Les forces de sécurité du gouvernement ont répondu avec une force excessive, en exécutant sommairement des membres ou sympathisants suspectés d’une milice formée à l’origine en réponse à l’exécution du chef local. Dans certains cas, les soldats visitaient toutes les maisons et tuaient quiconque s’y trouvait. Ces douze derniers mois, une milice soutenue par le gouvernement, connue sous le nom de Bana Mura, a détruit des villages entiers et « tué, mutilé ou brûlé à mort » des centaines de villageois parmi lesquels des femmes enceintes, des bébés et de jeunes enfants, d’après les Nations Unies.

Au moins 42 charniers ont été identifiés dans la région et la plupart seraient l’œuvre des forces de sécurité du gouvernement.

C’est lors de leur enquête sur ces violations généralisées des droits humains en mars dernier que deux membres du groupe d’experts des Nations Unies sur la RD Congo – Michael Sharp, un Américain, et Zaida Catalán, une Suédoise – ont été exécutés et enterrés dans une fosse à faible profondeur. Le gouvernement n’a fourni aucune information crédible sur la responsabilité de ces meurtres. Les quatre Congolais qui les accompagnaient – leur interprète, Betu Tshintela, et trois conducteurs de moto – sont toujours portés disparus.

En juin, le Conseil des droits de l’homme des Nations Unies a autorisé l’ouverture d’une enquête internationale sur les violences commises dans la région des Kasaïs. La décision, adoptée après des semaines de négociations intenses, ne va pas aussi loin que la situation l’impose. Mais elle fait naître l’espoir de découvrir la vérité sur ces crimes atroces et d’en identifier les responsables. Et c’est un pas vers la justice. Cependant, les récentes déclarations de plusieurs hauts représentants congolais – soutenant que le rôle international sera limité à un appui technique apporté à l’enquête congolaise – soulèvent des doutes.

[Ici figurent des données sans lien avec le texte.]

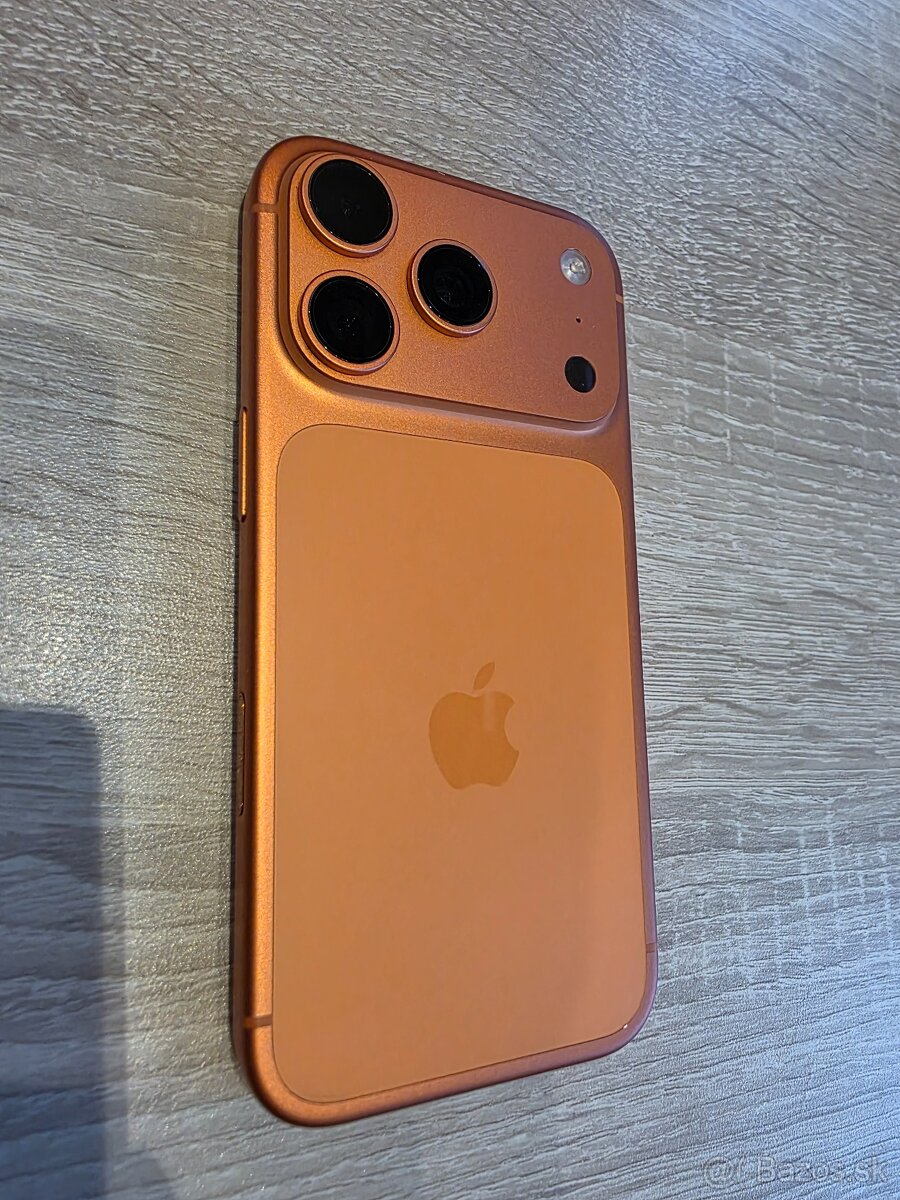 Iphone 17 PRO Cosmic Orange 256GB - 5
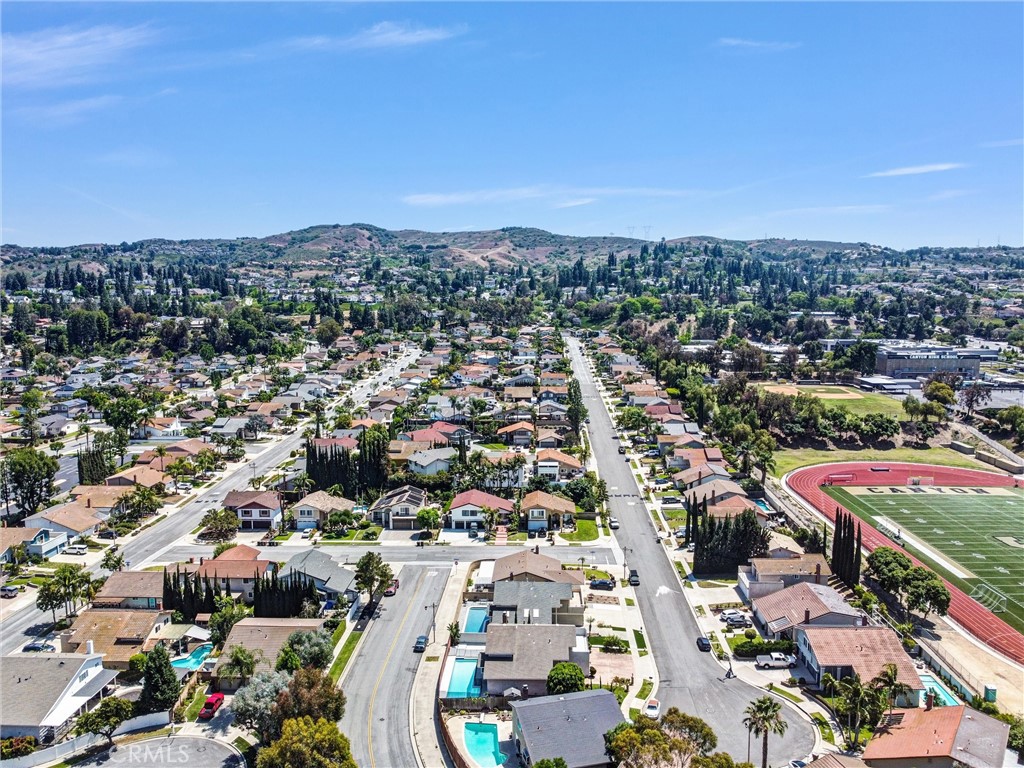 https://media.crmls.org/medias/70be4921-efce-4af4-8ecc-b0adb8619755.jpg?preset=X-Large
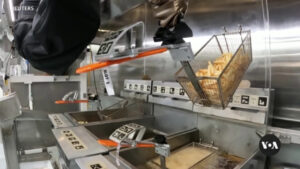 Robotic Restaurant Opening in California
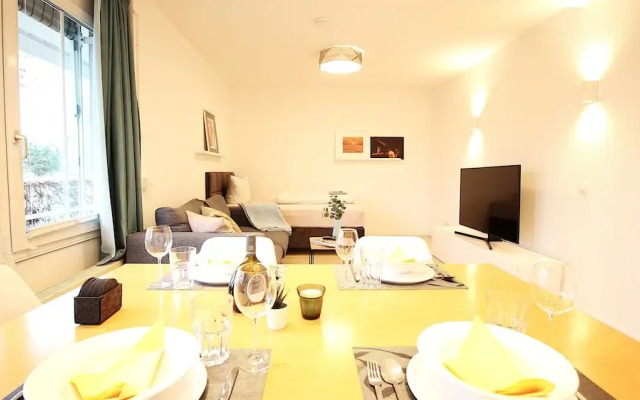 Spacious Design Apartments near Center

Le président Joseph Kabila s'adresse à la nation au Palais du Peuple à Kinshasa, capitale de la RD Congo, le 5 avril 2017. © 2017 Reuters

Les États-Unis et l’Union européenne ont adopté une position ferme en demandant justice pour les meurtres des experts des Nations Unies et des milliers de victimes congolaises et ont récemment imposé de nouvelles sanctions ciblées contre de hauts responsables congolais. Les sanctions américaines ont montré que Kabila ne reçoit pas de la part de l’administration Trump le soutien inconditionnel que de nombreux fonctionnaires congolais espéraient.

Mais davantage pourrait être fait. Les États-Unis et l’UE pourraient aller plus loin et sanctionner également ceux qui ont aidé à financer Kabila et la campagne de répression et d’abus de son gouvernement. Les pays voisins de la RD Congo et d’autres acteurs régionaux – parmi lesquels l’Angola, dont le gouvernement semble de plus en plus préoccupé par l’incapacité de Kabila à résoudre les crises qu’affronte le pays – pourraient également adopter une position plus ferme en demandant instamment à Kabila d’assurer une transition démocratique pacifique avant la fin de l’année.

Il est encore temps de tenir compte des avertissements sévères de la conférence épiscopale et des anciens dirigeants africains et de mettre fin à l’escalade de violence, d’abus et d’instabilité qui menace à la fois la RD Congo et la région toute entière. Mais ceci implique un engagement fort et une pression soutenue, ciblée et bien coordonnée sur Kabila et son gouvernement à l’échelle nationale, régionale et internationale. Avec une situation sur le terrain qui est en train d’échapper à tout contrôle et l’échéance des élections à la fin de l’année qui approche rapidement, il n’y a plus de temps à perdre.